{-# LANGUAGE OverloadedStrings, QuasiQuotes #-}
module Y2018.M01.D08.Solution where
Okay, one more, then a thought on generalization.
Friday, we looked at sections classifying newspaper articles as a graph, but
now we want to store unique sections in a table and relate those sections back
to the articles they classify.
Like before. So.
import Control.Monad (void)
import Control.Monad.State
import qualified Data.Map as Map
import qualified Data.Set as Set
import Database.PostgreSQL.Simple
import Database.PostgreSQL.Simple.FromRow
import Database.PostgreSQL.Simple.SqlQQ
import Database.PostgreSQL.Simple.ToField
import Database.PostgreSQL.Simple.ToRow
-- below imports available via 1HaskellADay git repository
import qualified Data.MemoizingTable as MT
import Store.SQL.Connection (withConnection)

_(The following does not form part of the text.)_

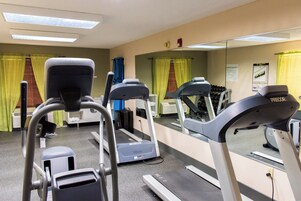 Un gimnasio con cintas de correr, un espejo grande y equipo de ejercicio.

import Store.SQL.Util.Indexed
import Store.SQL.Util.Pivots
import Y2017.M12.D20.Solution -- for Block
import Y2017.M12.D27.Solution hiding (pa) -- for DatedArticle
import Y2017.M12.D29.Solution hiding (etl) -- for filtering out AP articles
import Y2018.M01.D02.Solution hiding (storeAncilliary) -- for keywords and etl
import Y2018.M01.D04.Solution hiding (storeAncilliary) -- for Author
-- Okay, sections are like subjects are like keywords, but not quite like
-- authors (not quite). In Prolog we call a simple value with typing information
-- a tagged-type. We don't have those here, but maybe we should?
-- first thought on generalization
data Section = Sect { section :: String }
deriving (Eq, Ord, Show)
fetchSectionStmt :: Query
fetchSectionStmt = [sql|SELECT * FROM section|]
fetchSections :: Connection -> IO [IxValue Section]
fetchSections conn = query_ conn fetchSectionStmt
instance FromRow Section where
fromRow = Sect <$> field
-- okay, we can get sections previously stored. Fetch them and populate a
-- memoizing table with them.
-- Now, from an article, extract its sections. That's easy enough.
-- Now we put that all together and populate the section table with new
-- section information
storeSections :: Connection -> [IxValue (DatedArticle Authors)] -> IO ()
storeSections conn =
-- we write our storeSections using the memoizeStore from the bonus:
memoizeStore conn fetchSections insertSections insertArtSectPivotStmt
(map Sect . sections)
fetchSections conn >>= \presects ->
let memtable = MT.start (map ix2tup presects)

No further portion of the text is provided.